21stcenturywife

Wednesday, November 08, 2006

The Alpha Daddies

Mr Darnbrough is off on his travels. Between now and Christmas, he will be mostly away from home – including stints in Nigeria and South Africa.

I realize that not having Daddy around is nothing new for a great many families but it is going to be quite a change for us. Having spent the greater part of the last six years working from home, Daddy is an integral part of his children’s lives (and mine). I know women who would go berserk if their husbands were around all day. I know of women with pre-school children who are not allowed to make any noise in the house when their husbands work from home. All I can say is, I love having him here. It’s worked incredibly well for us and we are going to miss him (and all the help and support he gives us) lots.

In spite of what you hear, mothers are not the only parents who want to be around to see their children grow up. A lot of men want that too. While the media spotlight tends to be focused on the conflicting pressures faced by women struggling to combine – or choose between - motherhood and a career, a growing number of men have quietly decided that there is a way to have their cake and eat it. I’ve nicknamed them the Alpha Daddies.

There are a growing number of well qualified professional men with young families who have rejected a conventional career in order to play more of a part in their children’s lives. Like other Alpha Daddies I have spoken to (and there are half a dozen in our immediate vicinity), he believes that he has gained on all fronts as a result of his decision.

Like many ambitious young men, Mr Darnbrough saw his career progressing towards a top management post: in his case, in the telecoms industry. It was not until we had children that he began to question the benefits of the long hours, the traveling, the late nights and the weekend working. “It was part of the life,” he says, “You did it to ‘get on’". But once our second child was born, he began to question why he was doing this. He realised that to have the good salary and the job title that went with it meant sacrificing his time with his children at the altar of his career.”

Instead of a future spent gloriously scaling the corporate heights, what he saw was years of working fifty to sixty hour weeks. “It is true that we would have had a better standard of living, but by the time I’d ‘made it’ and could afford to relax, the children would be grown up and gone. Suddenly it didn’t seem like such a great deal.”

As a self-employed business consultant, Mr Darnbrough is his own boss AND he gets to be around while his children are growing up.
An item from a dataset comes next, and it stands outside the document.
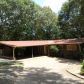 3861 War Hill Park Road, Dawsonville, GA 30534 ID:13022002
His hours are (mostly) flexible enough to fit in with the children’s routine and he still gets to enjoy some of the good things in life. He has had to accept that he will never be the MD of a Times Top 100 company, “but at least I will know my children and they will know me.”
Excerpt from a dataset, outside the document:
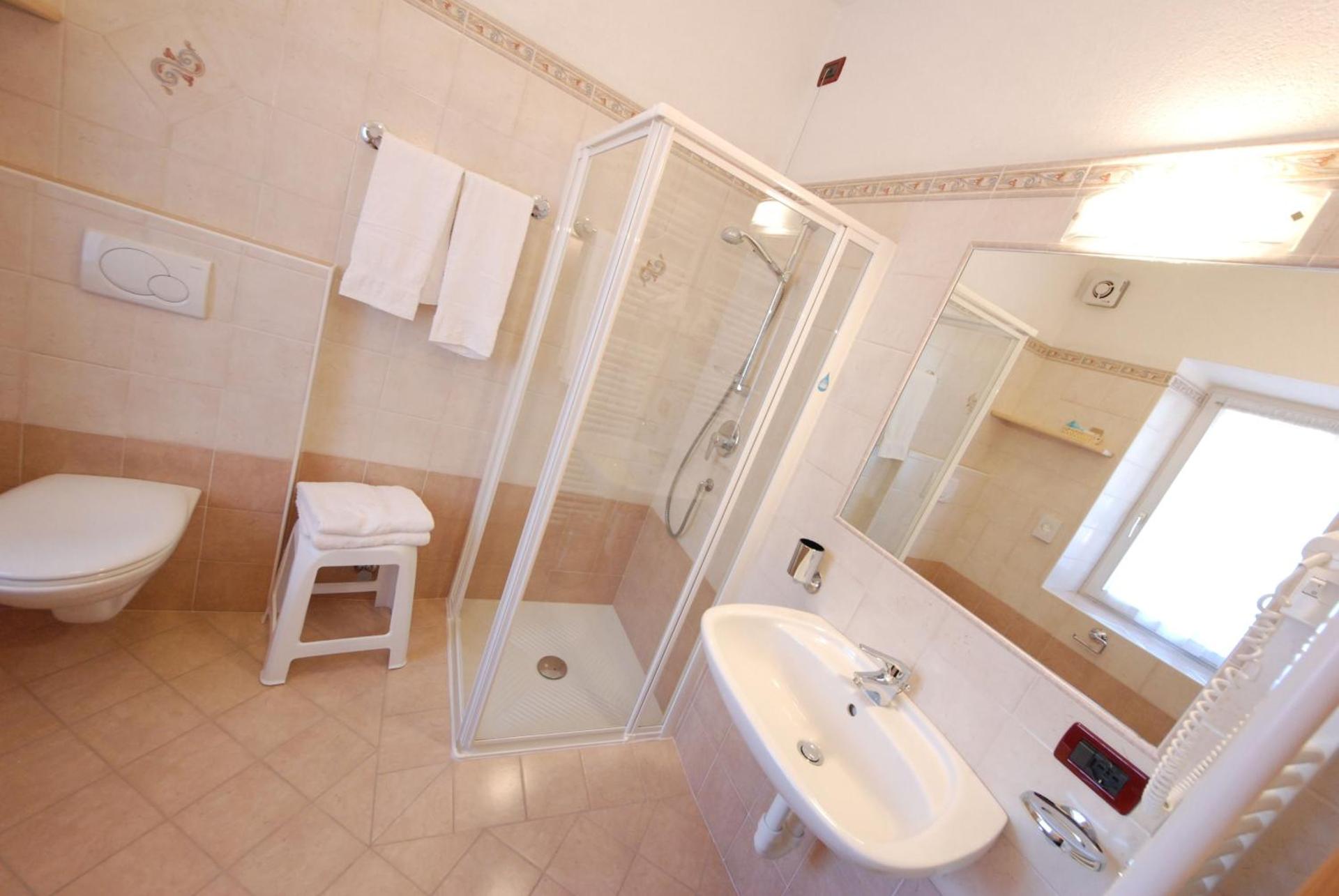 Hotel L'Ideale - Photo 34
Alpha Daddies have re-defined what success means to them and their families. These men want to be there to enjoy their children’s early years. They have thought through the various alternative ways of achieving this goal and concluded that they are in work for what makes them happy and fulfilled and that achieving this objective is not the same as reaching the “top” of their professions.

Alpha Daddies still want the material things in life: they like nice cars and comfortable lifestyles and going on holiday and playing with electronic gadgets. They still want to feel “successful” in terms of the values of the rest of their career-minded peers. Alpha Daddies, to recast a phrase that used to be very popular in parenting theory about fifteen years ago, have decided that when it comes to work and renumeration, there is such a thing as being “good enough”.

Like other Alpha Daddies, Mr Darnbrough admits to moments of doubt about his decision to go independent. These tend to come after a visit to a friend who has a bigger house or a nicer car, or who has just come back from yet another holiday. But these friends invariably work in London, leave home before seven o’clock in the morning and are often not back before their children have gone to bed. So far, his doubts have always been squashed by the experience of traveling into London for a client meeting. “All I need,” he laughs, “is one journey into London at peak time . . . standing in a crowded train for half an hour . . . .then I think, ‘I know why I don’t do this’”.

The other side of the coin, of course, is what it means for the children. There is abundant research to suggest that as well as having a loving and committed mother, the presence of a loving, involved father increases the chance of producing happy, well-balanced children, who then grow up to become successful adults. Could the children of Alpha Daddies have an even greater advantage? By simply being around more than most fathers, at least in their children’s early years, Mr Darnbrough and his fellow Alpha Daddies hope that they can only strengthen those odds: it would probably be unwise to expect anything more.